Contributors include senator Jordon Steele-John, paralympian Isis Holt, Dion Beasley, Sam Drummond, Astrid Edwards, Sarah Firth, El Gibbs, Eliza Hull, Gayle Kennedy, Carly-Jay Metcalfe, Fiona Murphy, Jessica Walton and many more.
Growing Up Disabled in Australia is a wonderful and eye-opening collection of stories from a broad group of Australian writers with a disability or chronic illness.
The real highlight and strength of the Growing Up Disabled in Australia collection of stories, like the other titles in this series, is that it shows just how diverse the individual experiences of the writers are. The stories featured in this collection span a wide variety of experiences, from those who grew up with a disability from their childhood, to those who became disabled later in life, or who came to identify as disabled as adults. The stories also encompass a wide range of disabilities - both physical and mental, and from the invisible to the obvious.

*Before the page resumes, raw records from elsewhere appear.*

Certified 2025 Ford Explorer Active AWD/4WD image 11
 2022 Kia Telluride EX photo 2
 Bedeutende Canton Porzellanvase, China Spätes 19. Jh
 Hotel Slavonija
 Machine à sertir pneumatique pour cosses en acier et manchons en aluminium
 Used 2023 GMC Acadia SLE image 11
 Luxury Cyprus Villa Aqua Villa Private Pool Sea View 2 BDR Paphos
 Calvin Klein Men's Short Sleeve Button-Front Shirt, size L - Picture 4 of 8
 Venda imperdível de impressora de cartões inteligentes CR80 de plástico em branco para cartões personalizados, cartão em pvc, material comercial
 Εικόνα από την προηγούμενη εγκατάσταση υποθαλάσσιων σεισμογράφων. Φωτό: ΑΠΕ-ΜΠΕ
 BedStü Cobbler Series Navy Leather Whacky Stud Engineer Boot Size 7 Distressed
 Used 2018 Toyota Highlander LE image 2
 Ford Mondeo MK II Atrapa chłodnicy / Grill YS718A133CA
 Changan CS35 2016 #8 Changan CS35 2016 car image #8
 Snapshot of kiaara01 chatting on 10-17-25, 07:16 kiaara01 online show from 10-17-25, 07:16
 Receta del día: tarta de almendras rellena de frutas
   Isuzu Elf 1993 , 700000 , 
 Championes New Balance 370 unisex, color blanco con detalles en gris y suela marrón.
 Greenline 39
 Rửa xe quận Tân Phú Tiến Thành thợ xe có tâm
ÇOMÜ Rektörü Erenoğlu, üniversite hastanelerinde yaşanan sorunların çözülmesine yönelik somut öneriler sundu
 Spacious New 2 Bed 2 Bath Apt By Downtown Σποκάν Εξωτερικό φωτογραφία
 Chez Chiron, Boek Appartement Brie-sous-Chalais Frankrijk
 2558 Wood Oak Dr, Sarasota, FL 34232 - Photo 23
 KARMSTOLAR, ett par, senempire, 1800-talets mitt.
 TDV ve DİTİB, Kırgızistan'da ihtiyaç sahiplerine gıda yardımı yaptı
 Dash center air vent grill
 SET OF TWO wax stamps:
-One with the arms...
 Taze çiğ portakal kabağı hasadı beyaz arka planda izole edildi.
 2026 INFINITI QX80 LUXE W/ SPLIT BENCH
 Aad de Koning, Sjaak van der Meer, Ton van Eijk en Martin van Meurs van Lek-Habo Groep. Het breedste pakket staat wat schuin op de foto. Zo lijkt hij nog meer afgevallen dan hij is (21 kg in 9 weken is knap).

There are many wonderful stories, but one of the highlights for me was the story from Kit, who has cerebral palsy, and her message that she does not have to wear the hopes of other people, she has her own.
Although the stories are individual there are many themes in this collection that appear across the stories. One example that appears in a number of the stories is a frustration at how other people feel the need to ‘heal’ the writer or ‘make them better’, and how this perspective can impact on their lives.
This collection grabbed me from the first story, and in all my years of reading and selecting books for Standing Order, this is the best anthology that I have read. A brilliant book that will stay with me for a long time, and I highly recommend it. It does contain some stronger language, so will be best suited to readers aged 15 and up.